Long before Christopher Nolan was a mere bat-glimpse in the Dark Knight’s eye. Years before he went charging forward towards Director superstardom, he made a film that was completely backwards. Literally. As the new millennium dawned, Christopher Nolan adapted his brother’s short story Memento Mori. Shortening the title to simply Memento, the basic plot seems fairly routine. Wife is murdered, husband tries to find who did it. This simplified outline belies the fact that it was a murder mystery like no other.
The film opens with Leonard, played by Guy Pearce, killing the man he believes perpetrated his wife’s murder. Showing this at the beginning is a strong statement of intent for any murder mystery film, but it’s the only way Memento could have opened. You see the whole film is presented in reverse, or at least half of it is. Confused yet? Don’t be.

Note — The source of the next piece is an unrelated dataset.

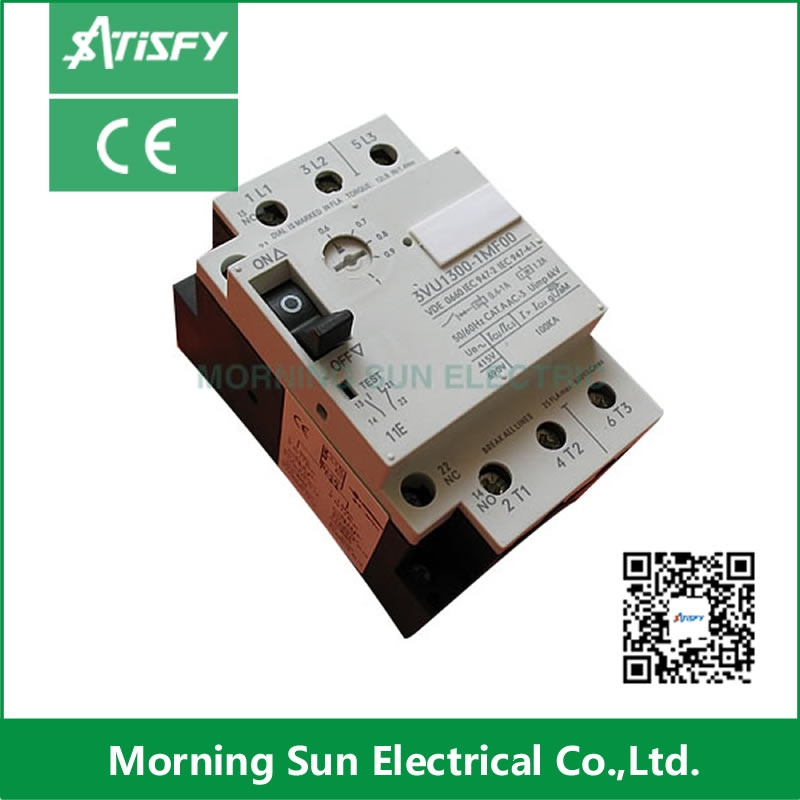 3vu1300 Motor Protection Circuit Breaker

If losing his wife wasn’t bad enough, Leonard has other issues. In an attempt to protect his wife during the initial attack, he suffered a head injury. Coming round afterwards he finds that not only has he killed one of the two attackers, but has also developed anterograde amnesia. This psychological disorder impairs his ability to create new memories. He remembers everything before the attack, but struggles to recall new information. More than a small inconvenience when you need to piece together a murder! Crucially the police don’t believe there was a second attacker leaving Leonard to undertake his own personal man hunt. Undeterred by their lack of support and inability to remember new things, Leonard has a novel way of tracking his investigation. Before he forgets any new information he has learned, not only does he take Polaroid photographs and make notes but, for the really important clues, he gets them tattooed them on his body. A permanent reminder of his very personal mission. This way, every day, he can wake up and revisit where he is in his enquiry.

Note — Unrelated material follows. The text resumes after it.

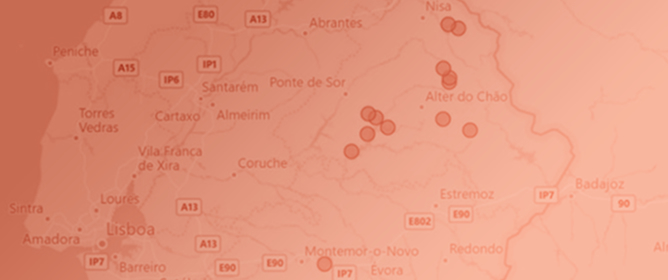 Large Game Key in Tuberculosis Maintenance in Southern Portugal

Memento has two threads running throughout. Black and white flashback sequences tell Leonard’s story as an Insurance Investigator prior to his injury and these run chronologically giving context to the story. The other modern day scenes are in colour and tell Leonard’s narrative as he tries to piece together clues to find the killer he believes is still out there. After the threads converge at the start of the movie, they split into their respective timelines to give us an insight into his life, his struggles and his motives. This is more than director trickery. We get to see the world the way Leonard does, in disjointed, confusing imagery.
Leonard isn’t alone in his search. He is aided, if that’s the right word, by Joe Pantoliano’s Teddy and Carrie-Anne Moss’ Natalie. The question becomes whether Leonard can trust them or the information they give him. Are they manipulating him or genuinely trying to help? Will he remember in time to take stock? Little by little, Leonard begins to piece together the mystery away from its shocking beginning to an even more amazing end.
Memento was a huge critical success upon its release, if not a massive box office triumph. Many large studios were put off by its unusual structure and passed on the opportunity to distribute it. Eventually a small, independent company called Newmarket took the brave step and released it. Despite winning numerous awards, the film didn’t reach the huge audience it deserved until it was released on video and DVD. It has subsequently been released a number of times, also now on blu-ray, with an ever growing list of special features. In some regions the disc even has a hidden option to watch the entire film in chronological order but, trust me, backwards is the only way to go.